=== WHAT TO WORK ON ===
Could you quote, exactly as they stand, the lines running from the one with "Relación de la" to the final line of the material?
+++++
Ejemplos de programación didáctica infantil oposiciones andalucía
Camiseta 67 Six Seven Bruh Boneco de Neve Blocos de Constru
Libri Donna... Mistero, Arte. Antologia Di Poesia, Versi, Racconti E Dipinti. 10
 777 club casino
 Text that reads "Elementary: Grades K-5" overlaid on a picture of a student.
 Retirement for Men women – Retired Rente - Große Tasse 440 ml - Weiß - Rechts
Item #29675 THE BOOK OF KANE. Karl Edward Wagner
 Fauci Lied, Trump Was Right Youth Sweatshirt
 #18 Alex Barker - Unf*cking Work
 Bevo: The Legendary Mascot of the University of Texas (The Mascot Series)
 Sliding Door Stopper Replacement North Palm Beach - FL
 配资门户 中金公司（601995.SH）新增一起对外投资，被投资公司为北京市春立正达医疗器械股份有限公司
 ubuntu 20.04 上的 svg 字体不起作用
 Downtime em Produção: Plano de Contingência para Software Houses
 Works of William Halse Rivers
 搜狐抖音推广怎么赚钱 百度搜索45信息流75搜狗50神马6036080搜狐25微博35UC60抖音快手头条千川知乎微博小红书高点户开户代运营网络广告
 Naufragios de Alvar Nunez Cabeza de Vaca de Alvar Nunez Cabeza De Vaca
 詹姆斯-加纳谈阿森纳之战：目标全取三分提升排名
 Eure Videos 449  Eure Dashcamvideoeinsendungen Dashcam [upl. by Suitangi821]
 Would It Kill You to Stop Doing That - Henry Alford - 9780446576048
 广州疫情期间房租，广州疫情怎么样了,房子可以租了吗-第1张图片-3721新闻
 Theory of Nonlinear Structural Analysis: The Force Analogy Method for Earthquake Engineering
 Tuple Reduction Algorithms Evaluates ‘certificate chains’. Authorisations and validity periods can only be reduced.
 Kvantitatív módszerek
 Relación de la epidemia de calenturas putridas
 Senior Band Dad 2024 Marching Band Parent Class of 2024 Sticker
+++++
=== WRITTEN REPLY ===
 Relación de la epidemia de calenturas putridas
 Senior Band Dad 2024 Marching Band Parent Class of 2024 Sticker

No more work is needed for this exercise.